Example. Let $I_n$ denote the number of involutions (permutations squaring to the identity) on $n$ elements. These are precisely the permutations consisting of cycles of length $1$ or $2$, so the exponential formula gives an exponential generating function

$\displaystyle I(z) = \sum_{n=0}^{\infty} I_n \frac{z^n}{n!} = \exp \left( z + \frac{z^2}{2} \right)$.

$\displaystyle \frac{I_n}{n!} \le \frac{e^{r + \frac{r^2}{2}}}{r^n}$

for any $r > 0$, since as above $I(z)$ has infinite radius of convergence. The saddle point equation is

$\displaystyle r(1 + r) = n$

with exact solution

$\displaystyle r = \frac{-1 + \sqrt{4n+1}}{2} \approx \sqrt{n}$

and using $r = \sqrt{n}$ for simplicity gives

$\displaystyle I_n \le n! \frac{e^{\sqrt{n} + \frac{n}{2}}}{n^{\frac{n}{2}}} \approx \sqrt{2 \pi n} \frac{n^{\frac{n}{2}}}{e^{\frac{n}{2} - \sqrt{n}}}$

This approximation turns out to also only be off by a factor of $O(\sqrt{n})$ from the true answer.

Example.
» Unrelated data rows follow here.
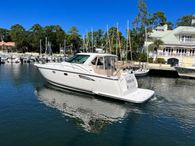 2004 Tiara Yachts 3600 Sovran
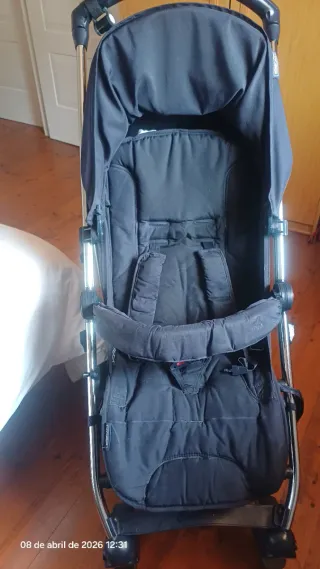 Silla de paseo Bebeconfor azul, muy resistente.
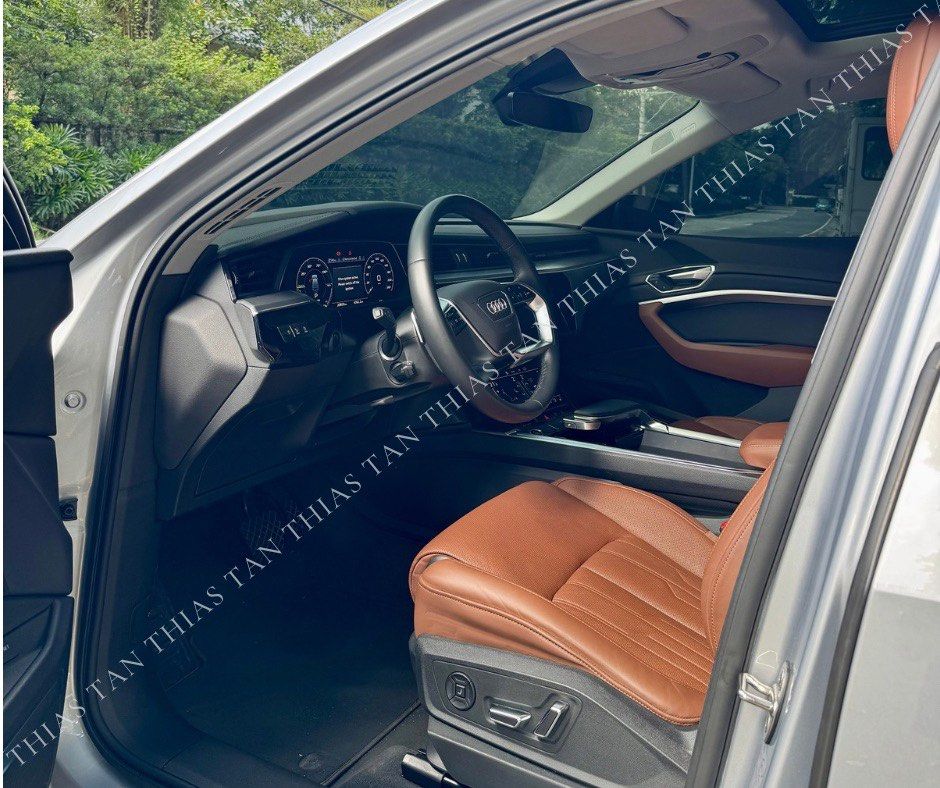 Audi E-Tron 55 Sportback Auto (Category: Used Cars) located in Quezon City. Submitted by thias.tan (Listing ID 1462779760, Image 3). Description: For Sale: 2023 Audi E-Tron 55 Sportback 20,800 km only Full EV Quattro All Wheel Drive 95 kWh gross battery capacity Dual Electric Motor 408 horsepower (300 kW) 664 Nm torque Range: 484 kilometers Bang & Olufsen Sound System 360 view camera Front and rear parking sensors Air suspension VKool Tint Tan le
The Bell numbers $B_n$ count the number of partitions of a set of $n$ elements into disjoint subsets. They have exponential generating function

$\displaystyle B(z) = \sum_{n=0}^{\infty} B_n \frac{z^n}{n!} = e^{e^z - 1}$

(which also admits a combinatorial species description: this is the species of “sets of nonempty sets”), which as above has infinite radius of convergence. The saddle point equation is

$\displaystyle re^r = n$

which is approximately solved when $r = \log n$ (a bit more precisely, we want something more like $r = \log n - \log \log n$, and it’s possible to keep going from here but let’s not), giving the saddle point bound

$\displaystyle B_n \le n! \frac{e^{n-1}}{(\log n)^n} \approx \frac{\sqrt{2\pi n}}{e} \left( \frac{n}{\log n} \right)^n$.

Edit, 11/10/20: I don’t know how far off this is from the true asymptotics. According to Wikipedia it appears to be off by at least an exponential factor.

Example. Now let’s tackle the example of the partition function $p(n)$. Its generating function

$\displaystyle P(z) = \prod_{k=1}^{\infty} \frac{1}{1 - z^k}$

has radius of convergence $1$, unlike the previous examples, so our saddle points $r$ will be confined the interval $(0, 1)$ (between the pole of $\frac{P(z)}{z^n}$ at $z = 0$ and the essential singularity at $z = 1$). The saddle point equation involves understanding the logarithmic derivative of $P(z)$, so let’s try to understand the logarithm. ($\log P(z)$ previously appeared on this blog here as the generating function of the number of subgroups of $\mathbb{Z}^2$ of index $n$, although that won’t be directly relevant here.) The logarithm is

$\displaystyle \log P(z) = \sum_{k=1}^{\infty} \log \frac{1}{1 - z^k}$

and it will turn out to be convenient to rearrange this a little: expanding this out gives

$\displaystyle \sum_{k=1}^{\infty} \sum_{m=1}^{\infty} \frac{z^{km}}{m}$

and exchanging the order of summation gives

$\displaystyle \log P(z) = \sum_{m=1}^{\infty} \frac{z^m}{m (1 - z^m)} = \frac{1}{1 - z} \left( \sum_{m=1}^{\infty} \frac{z^m}{m(1 + z + \dots + z^{m-1})} \right)$.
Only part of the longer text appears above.